Heart Attacks and Christmas Stress – What’s the Link?

Heart Attacks and Christmas Stress – What’s the Link?

As soon as the holidays and Christmas come near, you start hearing cliche lines about how this is the best time of the year. If we talk about seasonal food and wonderful decorations such as the fairy light and the trees, it sure is pleasant to watch.

But when it comes to planning and managing all things at once, it is not so enjoyable. For all grown-ups, it is a well established fact that the ‘ideal Christmas’ only exists in books and movies. 

In reality, the holidays are now a bigger cause of worry rather than joy for us. As much as we love the food and drinks, the stress of putting on pounds we works so hard to get rid of is bigger. 

On the other hand, some of us still want to believe in the perfect Christmas. In order to achieve that, we end up putting in too much effort and not get satisfactory results in return.

Consequently, the end results are always fights, disappointment, stress, and adverse effects on the health. 

Where it is commonly cited as the ‘season to be jolly’, the studies on it suggest the opposite.

According to a study published in the Journal of the American Heart Association, the cases of heart attacks and heart condition related deaths increase in the holiday season. 

You can read the full study here. 

What Is the Biggest Cause Of Christmas Stress? 

To be fair, there are a number of things that cause stress during the holidays. You might feel stressed about controlling your weight for your spring vacation or getting to your mom’s dinner on time.

However, according to a poll conducted by American Psychological Association, the biggest cause of Christmas stress is money. Not quite that surprising, is it? 

The extra calories can be burned off and an excuse can be made for late arrival on dinners. But getting the money you spend on gifts for your family and friends back is the hardest. 

Holiday retail sales back in 2017 had an increase of 3-4%. According to National Retail Federation, the expenditure went up $655.8 billion in comparison with 2016.

This means the spending on Christmas decorations, presents, travel, clothes and other things increases more and more every year. You are likely to be stressed about the amount of money you have to spend. 

What do you do in such a situation? Many people at this time even find it hard to pay for their common bills due to the over-spending on holiday related items. 

While there is no harm in buying gifts for your loved ones, it is important to set priorities. Before looking at pricey decorations, drinks, and gifts, set money aside for your important needs first. 

To control your temptation, take only the money you can afford to spend and avoid going to malls too often.

Remember that the true spirit of Christmas comes from within and you do not need to have extravagant dinners to show it. 

What Else Can You Do?

As mentioned before, the main cause of Christmas stress is money. Sometimes, the stress may even make you turn towards smoking, drinking too much alcohol or overeating. 

Not only can this ruin your health but may potentially cause arguments and conflicts. If you feel like stress is getting to your head, do not be afraid to seek professional help.
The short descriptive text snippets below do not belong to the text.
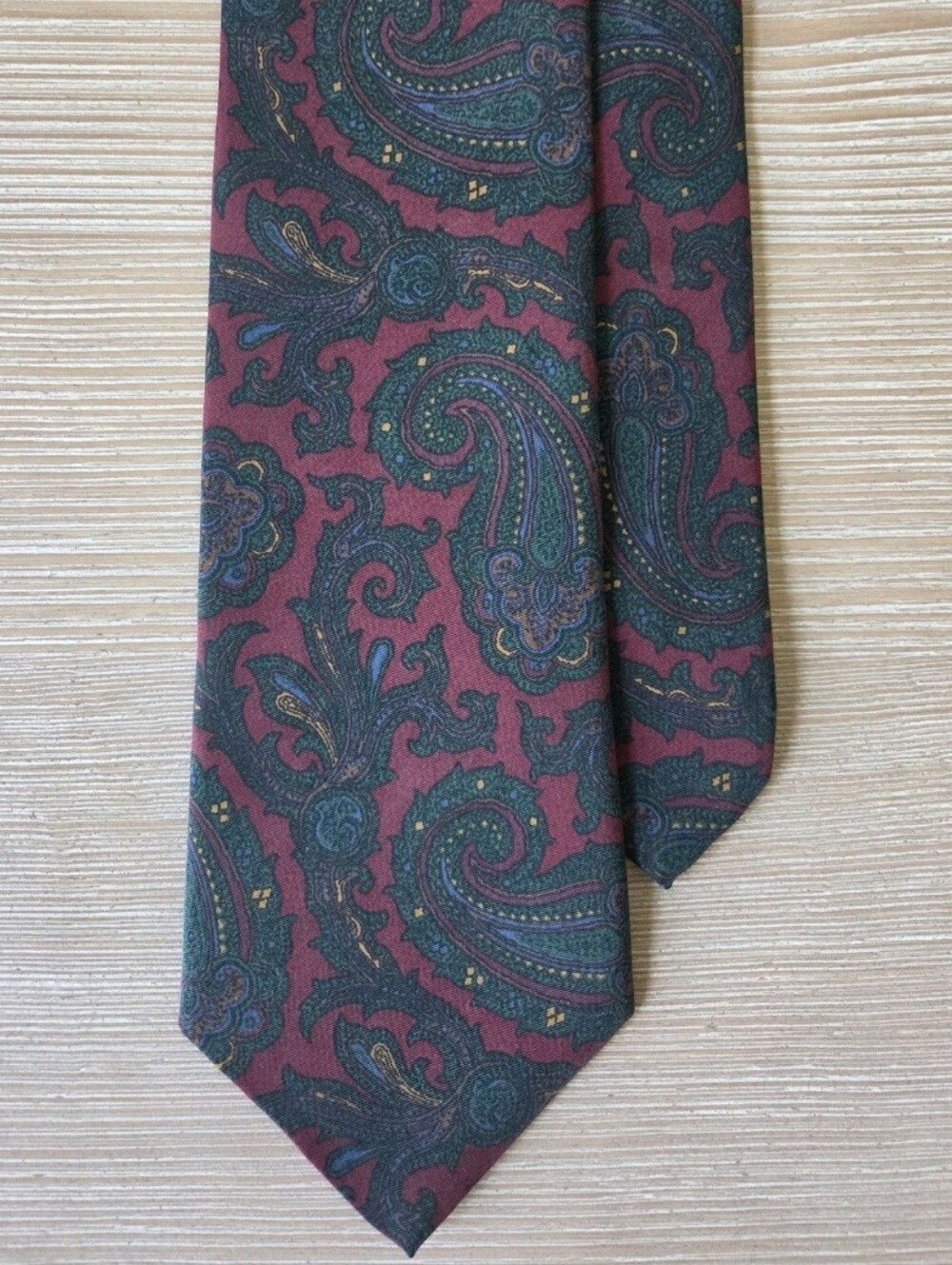 Vintage Polo Ralph Lauren  Ancient Madder Silk Paisley Tie Made in Italy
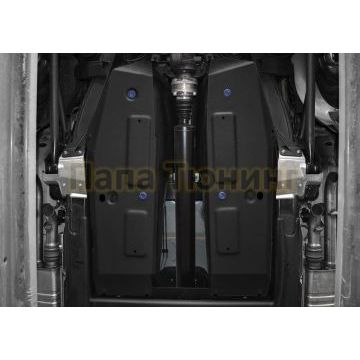 Защита топливного бака алюминий 4 мм RIVAL для Mercedes-Benz G-class, V - 2.9 (249 л.с.); 4.0 (421 л.с.); 4.0 (585 л.с.); Черный 2018-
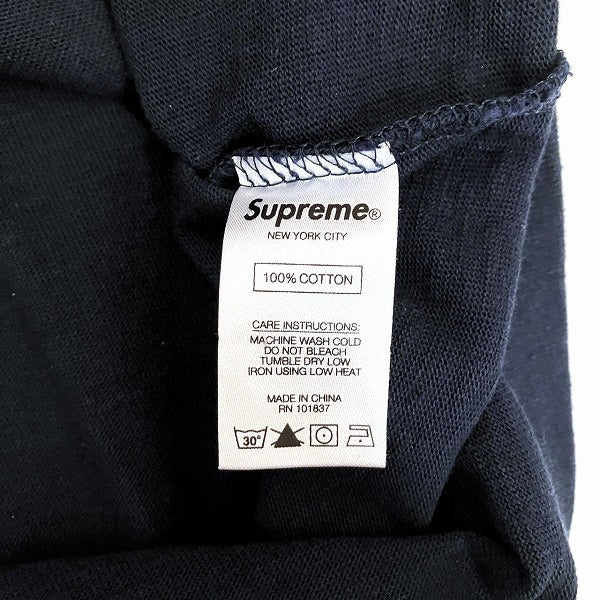 Supreme Navy S T-Shirt Men in Good Condition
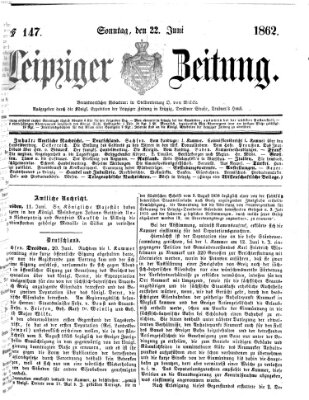 Leipziger Zeitung Sonntag 22. Juni 1862
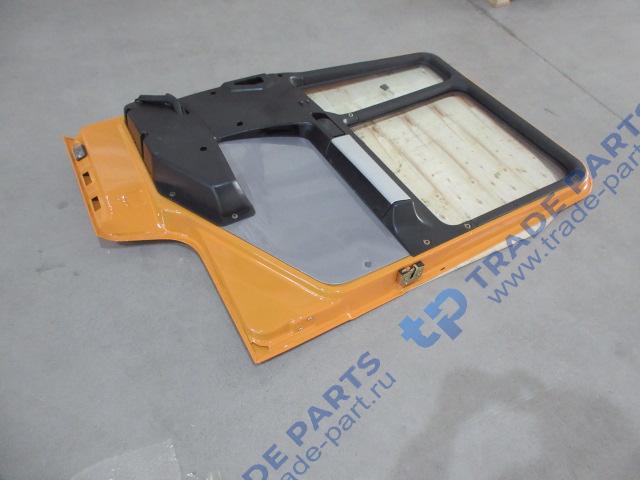 Реальная фотография дверь правая оранжевая в сборе (облицовка f3000)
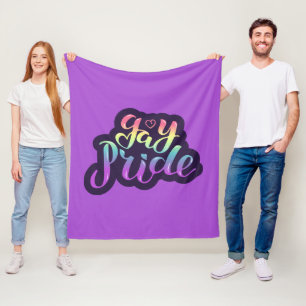 Gay pride fleecefilt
In addition, do not forget to take some time out for yourself. Spending time with family and friends can be fun but may also drain you. Say no to dinner invites beforehand if you think it is better for your mental health. 

The most important thing is to set realistic goals and expectations. Throw a dinner that you can afford and do not invite the people you do not want to.

It may also help to teach children about realistic expectations at this time. What is portrayed in movies, is not necessarily real life!

Lastly, do not forget to have fun! Go to late night walks, try volunteering, choose a fun activity as an alternative to gym. It can surely be the season of joy without all the extra spending and stress.